Excerpt from Justice Sonia Sotomayor's dissent in 303 Creative LLC, et al., where the Republican Supreme Court supermajority ruled that discrimination against LGTBQ people is allowed in a public business:
... Today, the Court, for the first time in its history, grants business open to the public a constitutional right to refuse to serve members of a protected class. Specifically, the Court holds that the First Amendment exempts a website- design company from a state law that prohibits the company from denying wedding websites to same-sex couples if the company chooses to sell those websites to the public. The Court also holds that the company has a right to post a notice that says, “no [wedding websites] will be sold if they will be used for gay marriages.” [snip]
And not just at the Court. Around the country, there has been a backlash to the movement for liberty and equality for gender and sexual minorities. New forms of inclusion have been met with reactionary exclusion. This is heartbreaking. Sadly, it is also familiar. When the civil rights and women’s rights movements sought equality in public life, some public establishments refused. Some even claimed, based on sincere religious beliefs, constitutional rights to discriminate. The brave Justices who once sat on this Court decisively rejected those claims.
Now the Court faces a similar test. A business open to the public seeks to deny gay and lesbian customers the full and equal enjoyment of its services based on the owner's religious belief that same-sex marriages are “false.” The business argues, and a majority of the Court agrees, that because the business offers services that are customized and expressive, the Free Speech Clause of the First Amendment shields the business from a generally applicable law that prohibits discrimination in the sale of publicly available goods and services. That is wrong. Profoundly wrong. As T will explain, the law in question targets conduct, not speech, for regulation, and the act of discrimination has never constituted protected expression under the First Amendment.
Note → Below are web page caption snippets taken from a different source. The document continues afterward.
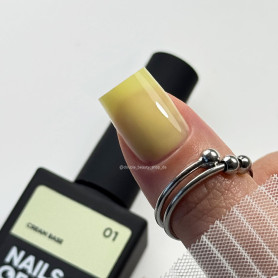 01 Cream Base Coat 10ml NAILS OF THE DAY 2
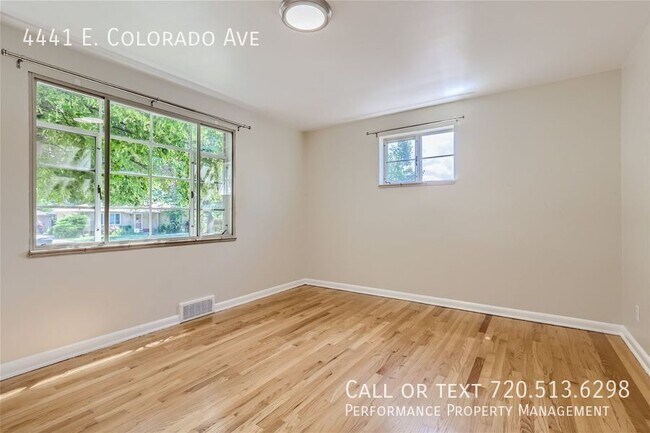 Foto del edificio - 4441 E Colorado Ave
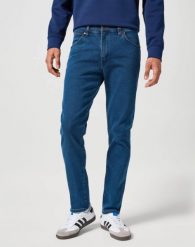 WRANGLER MĘSKIE SPODNIE JEANSOWE LARSTON BLUE GREY 112355025 W18S017416. Niebieskie spodnie materiałowe męskie Wrangler, bez wzorów, z jeansu. W wyprzedaży za 184.99 zł.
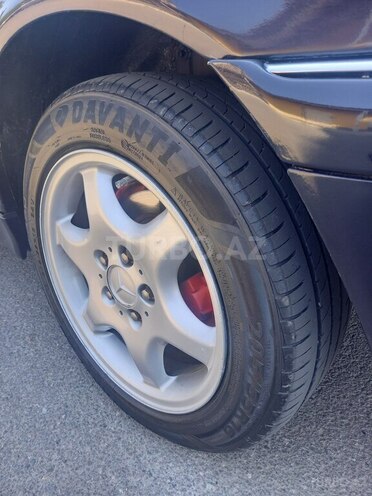 Mercedes C 200 1997, 810,697 km - 2.0 l - Naftalan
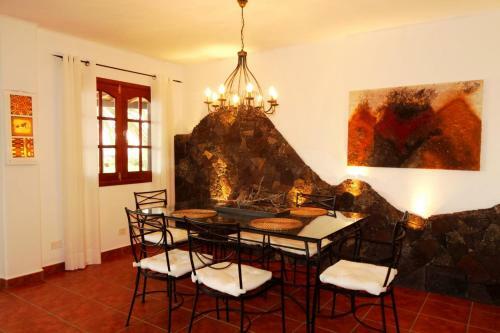 Home Casa Sue�o In The Village Of Mala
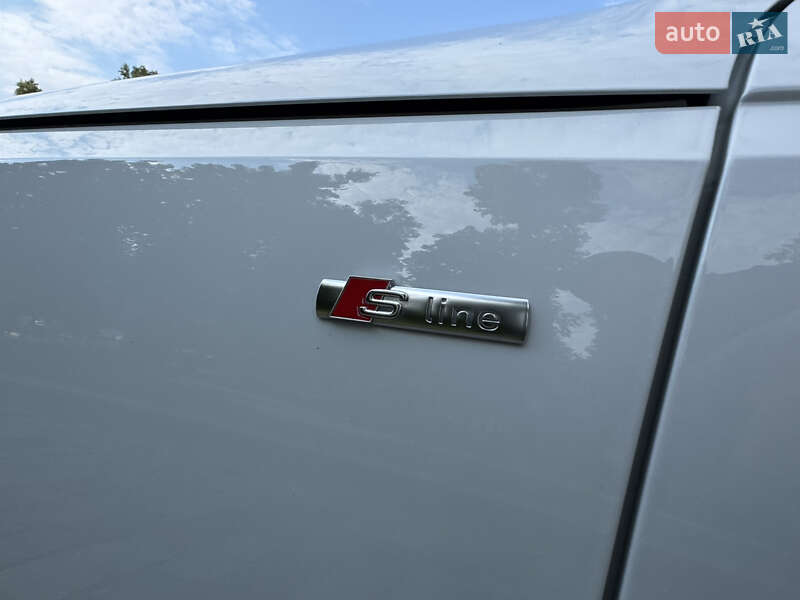 Седан Audi A4 2022 в Киеве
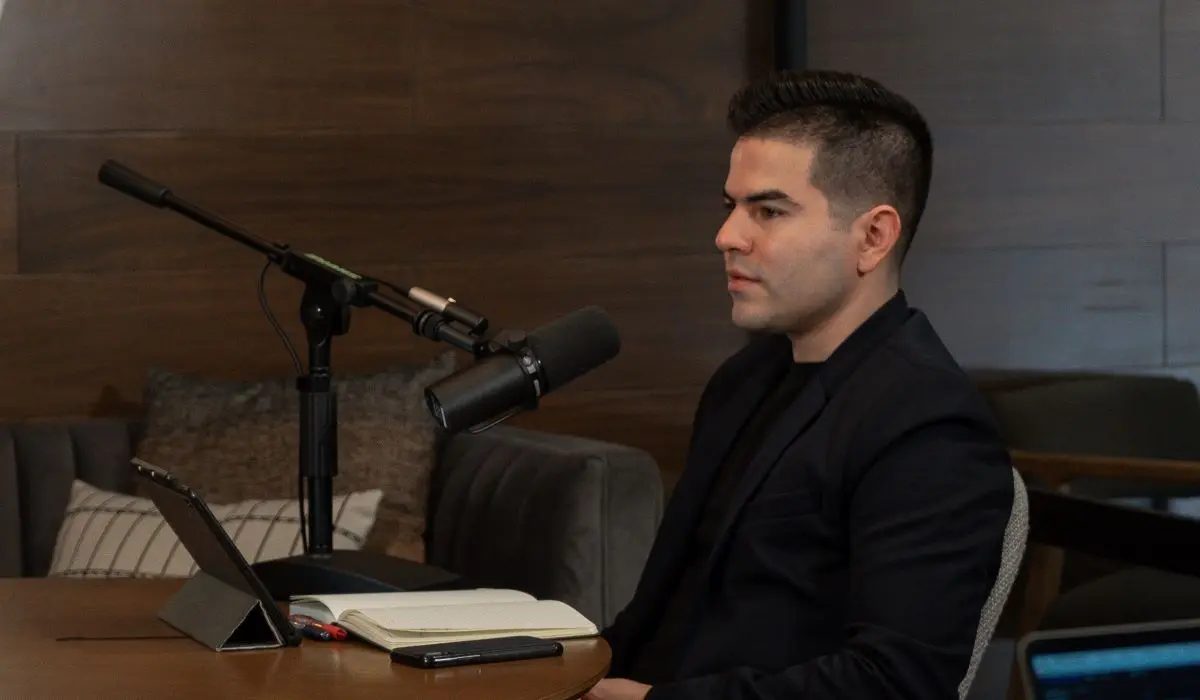 Ildefonso Avilés y su podcast Deja de Celebrar Estar Ocupado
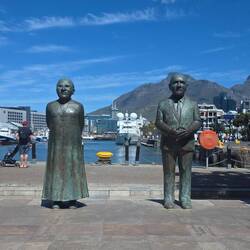 Vier südafrikanische Nobelpreisträger, der Berühmteste im Schatten (Nelson Mandela)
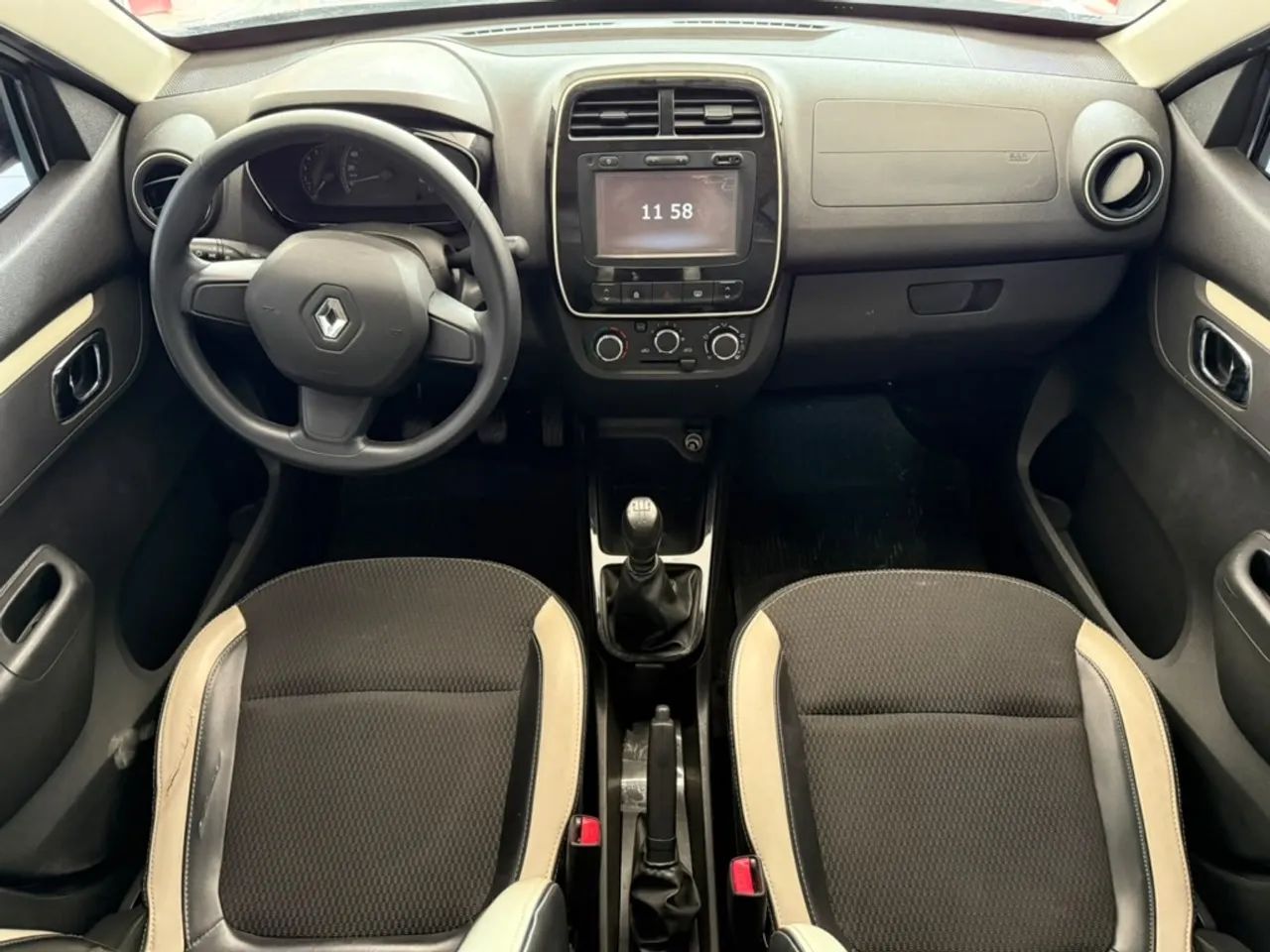 Renault Kwid 1.0 Intense 2018 - Foto 4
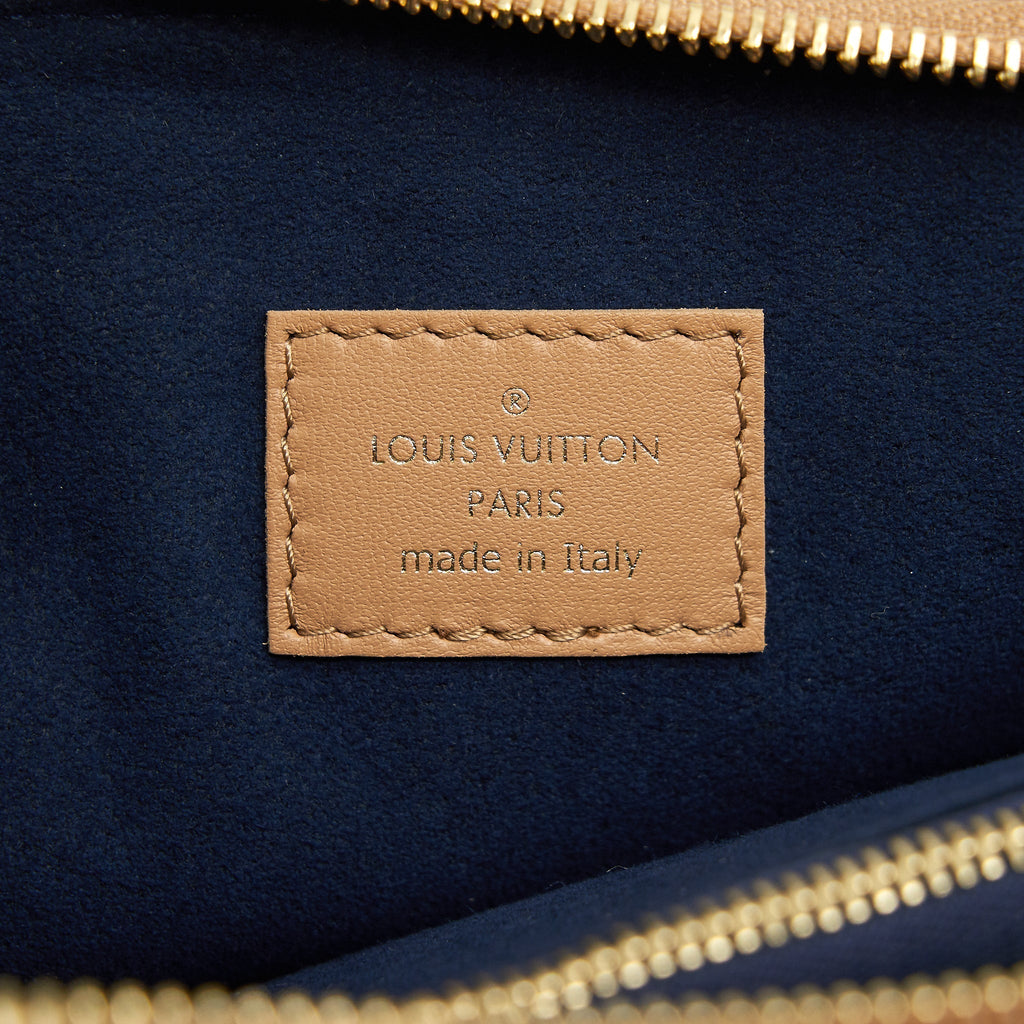 louis-vuitton-coussin-pm-camel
Our Constitution contains no right to refuse service to a disfavored group. I dissent...
Expect the bigots in our midst to continue to chip away at the rights and freedoms Americans have enjoyed for decades, and for those bigots to be supported and enabled by the 6 lying, Republican pols- in- robes on the corrupt Supreme Court.
There are no precedents, there are no super- precedents. In the future, that should also apply to Supreme Court justice tenure and number of justices. The dam has been breached.